W środę klub PO przyjął nową nazwę - Klub Parlamentarny Platforma Obywatelska - Koalicja Obywatelska. Dołączy do niego siedmiu posłów Nowoczesnej oraz poseł Piotr Misiło, który został wykluczony z Nowoczesnej w miniony piątek.
Oznacza to, że Nowoczesna po tak dużych stratach personalnych, przestanie istnieć jako sejmowy klub mając mniej niż 15 posłów.
"Nie ma czegoś takiego, jak koalicja złożona z jednej partii"
Katarzyna Lubnauer komentując decyzję byłych już posłów Nowoczesnej podkreśliła, że nie doszło do połączenia klubów, a nowy klub "nie jest klubem Koalicji Obywatelskiej".
- Przejście kilku posłów nie czyni z tamtego klubu, klubu Koalicji Obywatelskiej - mówiła w środowe popołudnie Lubnauer.
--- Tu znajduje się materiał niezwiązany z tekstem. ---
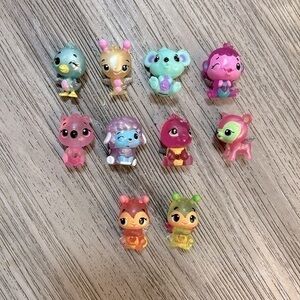HATCHIMALS animal pet toy figures. 10 total.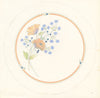 Elaine Williamson, Poole Pottery, Poppy Flower Design – 1988 gouache painting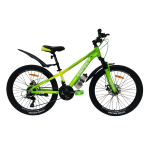 Велосипед CrossBike Aspect 24" 11" Неоновый зеленый-Неоновый желтый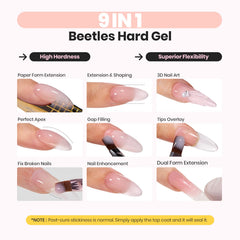 Beetles Hard Gel 100 forms enable precise nail shaping.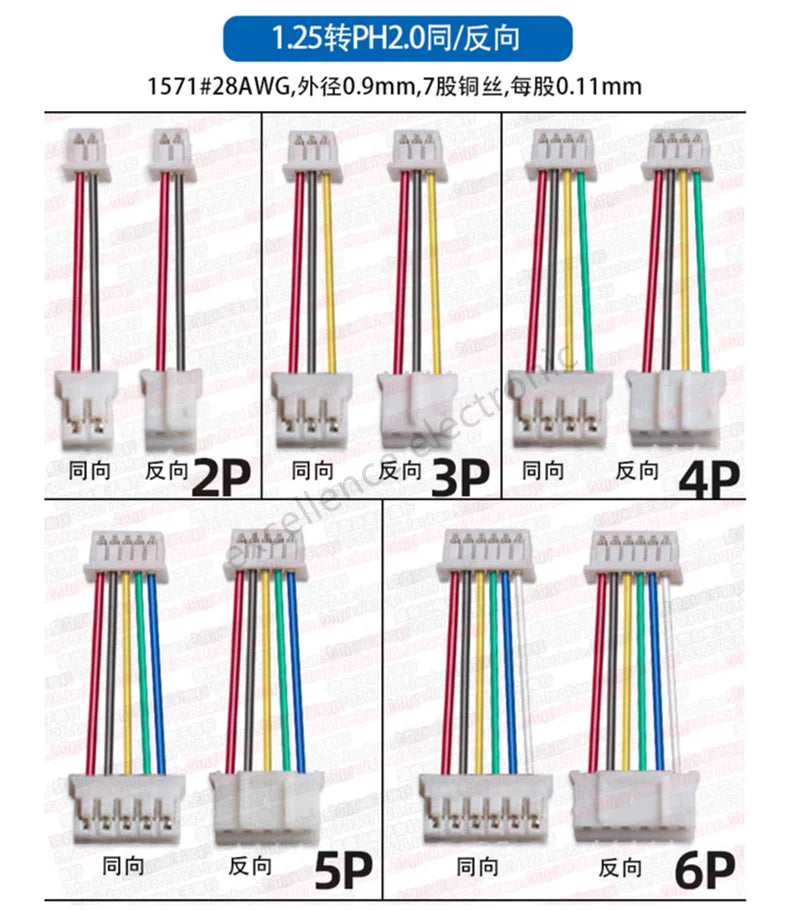 5Pcs SH1.0 JST1.25 ZH1.5 To PH2.0 To XH2.54 Adapter Conversion Terminal Wire Connecting Line Cable 2P 3P 4P 5P 6P Peaceful Pleasures Health and Wellness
Tak nazwała go Kamila Gasiuk-Pihowicz, dotychczasowa szefowa klubu Nowoczesnej, a od środy wiceprzewodnicząca klubu PO-KO.
Lubnauer oświadczyła, że taki klub musiałby powstać "na drodze porozumienia, a nie wrogiego przejęcia posłów". - To, co się dzisiaj stało, niewątpliwie nadwyręża nasze wzajemne zaufanie, ale nie zmienia to faktu, że uważam, że Koalicja Obywatelska, szersza koalicja, jest potrzebna Polsce - dodała szefowa Nowoczesnej. Jak zaznaczyła, sytuacja ta utrudnia rozmowy koalicyjne, jednak "nie zamyka" ich.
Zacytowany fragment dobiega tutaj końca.